Size-controlling rootstocks have many benefits:
they are important for high-density orchards, as these plantings crop earlier and produce high yields due to many trees per unit of land
harvesting smaller trees is more economical than larger trees
smaller trees can have more efficient use of fertilisers and chemical sprays
Therefore, growth control characteristics are being sought for most citrus breeding programs worldwide.
As well as controlling vigour, dwarfing rootstocks must also produce high yields with promising fruit quality and large fruit size. Evaluating any of these characteristics takes time, at least 7–8 years of commercial crops after planting, before any recommendations can be made on the suitability of any rootstock/variety combination.
Flying Dragon (Poncirus trifoliata) rootstock is commercially available for the citrus industry. With most scion varieties, mature trees on ‘Flying Dragon’ are normally about 2.5 m tall.

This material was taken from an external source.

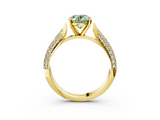Yellow gold Fancy Green Oval  Solitaire Pavé Diamond Engagement Ring with Four-Prong Setting_137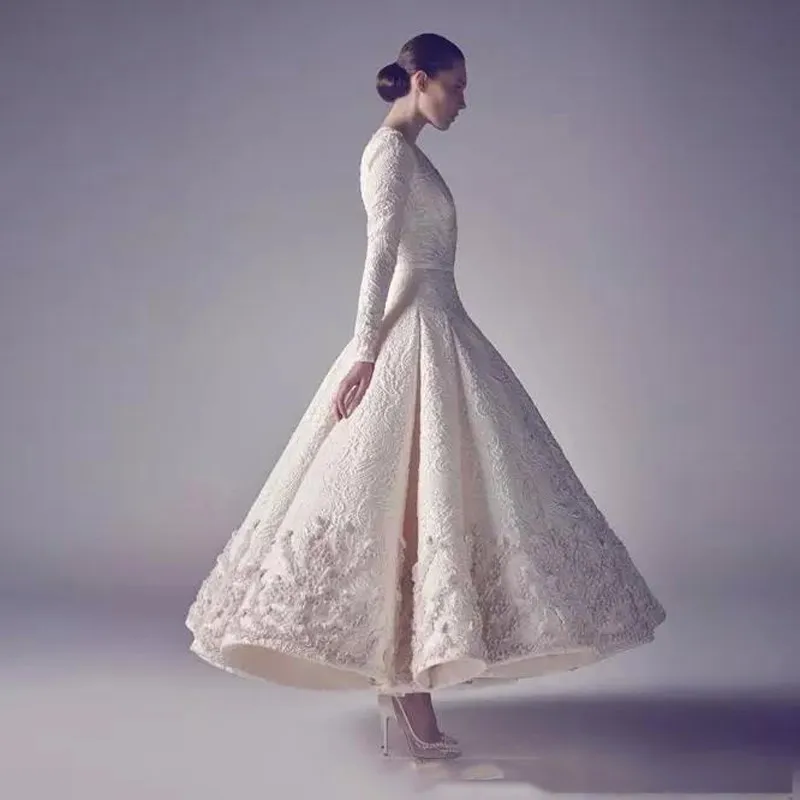 1950s Prom Dresses Pure White Ashi Studio 2015 Long Sleeve Deep V Neck Satin Beading Appliqued Personalized Party Gowns Free Shipping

However, this rootstock is very slow growing when grafted to navel oranges, taking a few years to produce a commercial crop and the yield is too low for too long, even if planted at higher densities.
Therefore, a size-controlling rootstock that is faster growing and produces greater yields than scions grafted to ‘Flying Dragon’ is needed. In September 2017, trials were established at the NSW DPI Dareton Research Station. Early maturing M7 navel and Tang Gold mandarin were grafted to C-54 and C-22 (from the US) and No. 24 and 85-24 (from China) using Tri22 and Flying Dragon as controls to find a superior rootstock with dwarfing tendency. Tree density is 800 trees/ha. The effect of these rootstocks on tree growth, yield and fruit quality is being evaluated in comparison to the Australian Standard, Tri22.
The results will indicate the potential performance of the rootstock/scion combinations under local conditions and in other Australian growing regions. Early data on tree growth are in Table 1.
Preliminary data suggest No. 24 and 85-24 (Chinese rootstocks) are having a dwarfing effect on tree growth and will be candidates for future high-density cropping systems. No. 24 displayed greater dwarfing than C-54 (Figure 1) and was slightly smaller than Tri22 (Figure 2). These rootstocks have strong potential in heavy soils and results on deep sandy loam soil are also very encouraging.
These trials are only 4 years old and evaluations will continue. Recommendations will be made to the industry after the conclusion of this project.
Figure 1: 4-year-old M7 navels growing on No. 24 (left -1.1 m) and C-54 (right -1.8 m) rootstocks at a density of 800 trees/ha at the NSW DPI Dareton Research Station.
Figure 2: 4-year-old M7 navels growing on Tri22 (left -1.6 m) and No. 24 (right -1.3 m) rootstocks at a density of 800 trees/ha at the NSW DPI Dareton Research Station.